SPAZ: Apart from reissues, you also release new albums. What is the criteria there? Do you seek out new projects to release or do they just happen to fall into your lap?
QUNTON: Again, it varies. We are lucky now that we get approached by a lot of artists since the label is so established but, equally, it is still important to have our ears open and find artists that we know will sit well on the label. The older artists have been a major part of our work – we are fortunate to be living in a time when so many great originals are still with us and it has been an important aspect of the label to try and bring their music and their stagecraft to the wider world to cement their legacy, often through working with younger musicians who really admire and understand their music. I was watching the crowd go nuts for Pat Thomas and Kwashibu Area Band at Paradiso in Amsterdam this weekend; you see their highlife sound painstakingly come together over time (in this case, moulded by Kwame Yeboah and Ben Abarbanel-Wolff) and that gig was the pay-off for all the work they put in. It has been great to see Pat get his dues.
SPAZ: You are releasing a compilation of modern-era recordings by legendary Detroit Jazz collective Tribe: HOMETOWN: DETROIT SESSIONS 1990-2014. How did this project come together?

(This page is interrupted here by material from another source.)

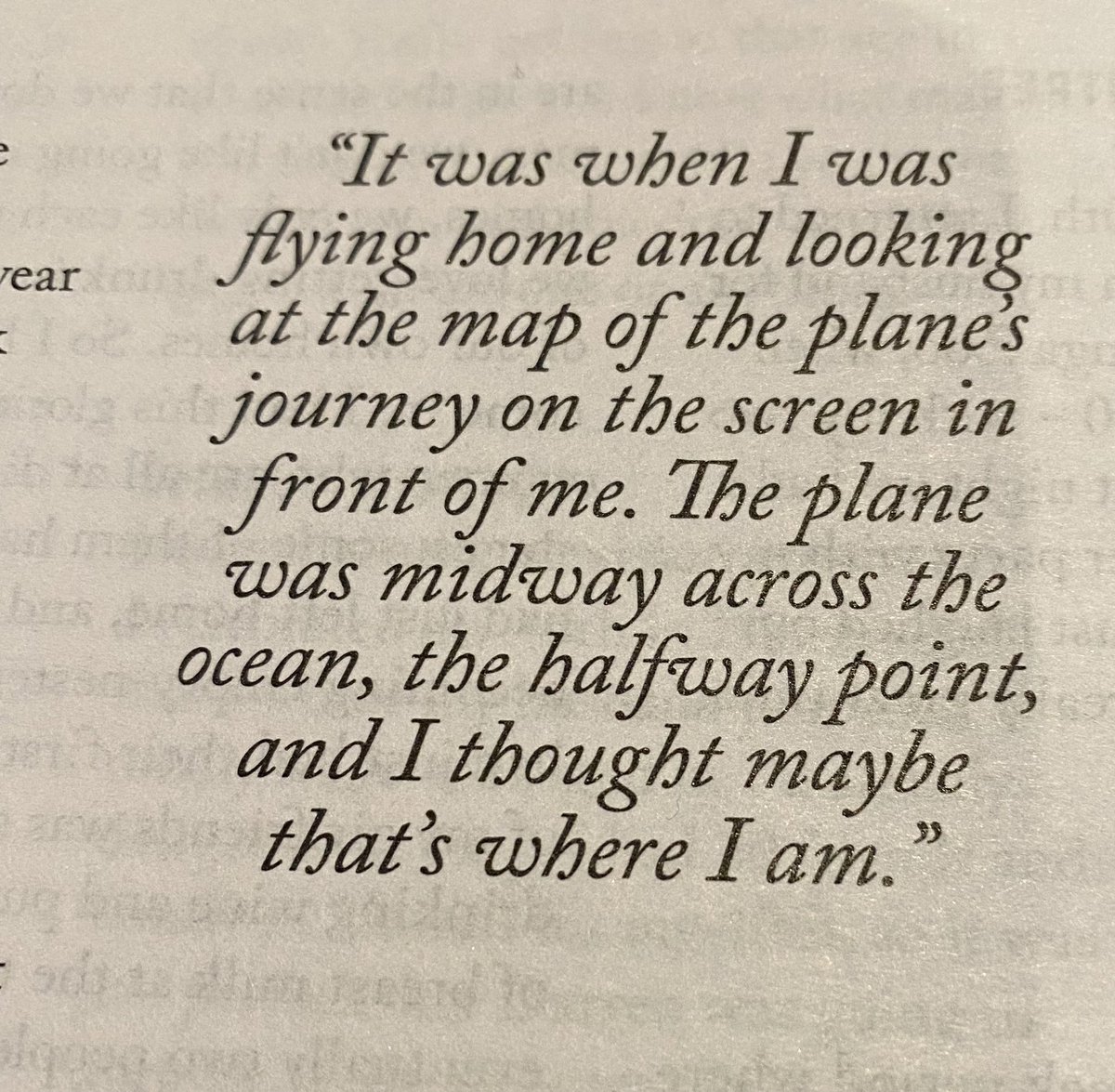 Love this ... Michelle Lim Davidson talks about finding #home from within. Something many #expats can relate too. smh.com.au/culture/tv-and…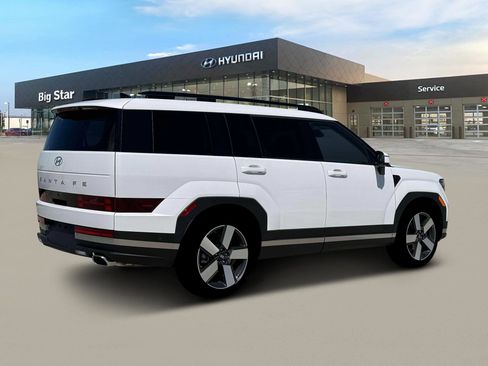 New 2026 Hyundai Santa Fe Limited image 8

QUNTON: This was through Peter Dennett at Art Yard Records. We have worked with Peter regularly on the Sun Ra compilations and reissues we have released and, after reaching out to Wendell (Harrison), he realized that there was an extensive archive of unreleased recordings since the early ‘90s. Often, new recordings by older jazz artists tend to miss the mark in some way with poor production or a smooth sound but Wendell sent us some great music from his more recent studio and live sessions. The collective have kept true to their sound over the years; the depth of their playing and the relevance of their messages still resonate.
SPAZ: HOMETOWN offers listeners just a taste of recordings from Tribe and Rebirth Inc. Was it difficult to select which songs to use? And will we see more releases down the line from these sessions?
QUNTON: We did listen to a lot of music for it and I think we selected the final list fairly naturally in the end. The different strands of the Tribe collective with Wendell, Phil Ranelin, Harold McKinney (RIP) and Pamela Wise make for a rich variety of styles and colours. There will hopefully be at least one more release of unreleased material during the next year.
SPAZ: What is next for Strut Records and Quinton Scott?
QUNTON: We have a busy 2020 including more from the Disques Debs International label out of Guadeloupe and remastered reissues of all of Patrice Rushen’s classic Elektra albums. We have new releases coming from Onipa, Greg Foat Group and the first new Sun Ra Arkestra studio album since the ‘90s, which is sounding great from the mixes. Next week, we also have Idris Ackamoor & The Pyramids in the studio with the analogue maestro Malcolm Catto to record their new album, SHAMAN!
SPAZ: What are you currently spinning on your CD and/or record players?
QUNTON: I found a great ‘80s Lonnie Liston Smith single recently, ‘Never Too Late’. Not a rare one but really good classic ‘80s boogie. Also, really enjoying Ostinato’s POUR ME A GROG compilation of Funaná and Only Now’s CAPTIVITY EP on Souk which is unlike anything I have ever heard before – kuduro down a long dark tunnel!